Required work
The expected output is the set of lines below beginning at the one that contains "Des réfugiés ukrainiens" and ending at the final line, reproduced exactly.

Data extract
###

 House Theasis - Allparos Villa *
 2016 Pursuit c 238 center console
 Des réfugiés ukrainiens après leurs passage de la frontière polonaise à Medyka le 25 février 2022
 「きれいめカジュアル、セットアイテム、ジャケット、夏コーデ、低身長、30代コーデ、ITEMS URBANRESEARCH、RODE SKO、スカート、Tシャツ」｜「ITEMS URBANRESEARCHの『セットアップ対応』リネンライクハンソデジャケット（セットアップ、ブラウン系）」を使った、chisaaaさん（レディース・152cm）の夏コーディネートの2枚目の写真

###

Output below
 Des réfugiés ukrainiens après leurs passage de la frontière polonaise à Medyka le 25 février 2022
 「きれいめカジュアル、セットアイテム、ジャケット、夏コーデ、低身長、30代コーデ、ITEMS URBANRESEARCH、RODE SKO、スカート、Tシャツ」｜「ITEMS URBANRESEARCHの『セットアップ対応』リネンライクハンソデジャケット（セットアップ、ブラウン系）」を使った、chisaaaさん（レディース・152cm）の夏コーディネートの2枚目の写真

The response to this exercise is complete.